Apply synchronization protocol.

Parameters:

Name	Type	Description	Default
`timestamps`	`dict[str, Float64[ndarray, _N]]`	input sensor timestamps.	required

Returns:

Type	Description
`dict[str, UInt32[ndarray, M]]`	Synchronized index map.

Source code in src/abstract_dataloader/generic/sync.py

def __call__(
    self, timestamps: dict[str, Float64[np.ndarray, "_N"]]
) -> dict[str, UInt32[np.ndarray, "M"]]:
    """Apply synchronization protocol.

    Args:
        timestamps: input sensor timestamps.

    Returns:
        Synchronized index map.
    """
    try:
        t_ref = timestamps[self.reference]
    except KeyError:
        raise KeyError(
            f"Reference sensor {self.reference} was not provided in "
            f"timestamps, with keys: {list(timestamps.keys())}")
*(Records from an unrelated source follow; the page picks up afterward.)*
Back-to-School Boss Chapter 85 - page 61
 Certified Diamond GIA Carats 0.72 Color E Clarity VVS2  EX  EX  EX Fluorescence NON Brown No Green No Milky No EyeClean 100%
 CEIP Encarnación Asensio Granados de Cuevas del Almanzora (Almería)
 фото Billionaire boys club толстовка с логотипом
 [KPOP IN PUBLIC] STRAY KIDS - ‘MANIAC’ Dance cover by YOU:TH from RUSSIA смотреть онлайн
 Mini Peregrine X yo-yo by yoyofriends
    if isinstance(self.margin[0], float):
        t_ref = t_ref[np.argmax(t_ref > t_ref[0] + self.margin[0]):]
    elif isinstance(self.margin[0], int) and self.margin[0] > 0:
        t_ref = t_ref[self.margin[0]:]

    if isinstance(self.margin[1], float):
        t_ref = t_ref[
            :-np.argmax((t_ref < t_ref[-1] - self.margin[1])[::-1])]
    elif isinstance(self.margin[1], int) and self.margin[1] > 0:
        t_ref = t_ref[:-self.margin[1]]

    indices = {
        k: np.searchsorted(
            (t_sensor[:-1] + t_sensor[1:]) / 2, t_ref
        ).astype(np.uint32)
        for k, t_sensor in timestamps.items()}

    valid = np.all(np.array([
       np.abs(timestamps[k][i_nearest] - t_ref) < self.tol
    for k, i_nearest in indices.items()]), axis=0)

    return {k: v[valid] for k, v in indices.items()}

abstract_dataloader.generic.Next ¶

Bases: Synchronization

Next sample synchronization, with respect to a reference sensor.

Applies the following:

Find the start time, defined by the earliest time which is observed by all sensors, and the end time, defined by the last time which is observed by all sensors.
Truncate the reference sensor's timestamps to this start and end time, and use this as the query timestamps.
For each time in the query, find the first sample from each sensor which is after this time.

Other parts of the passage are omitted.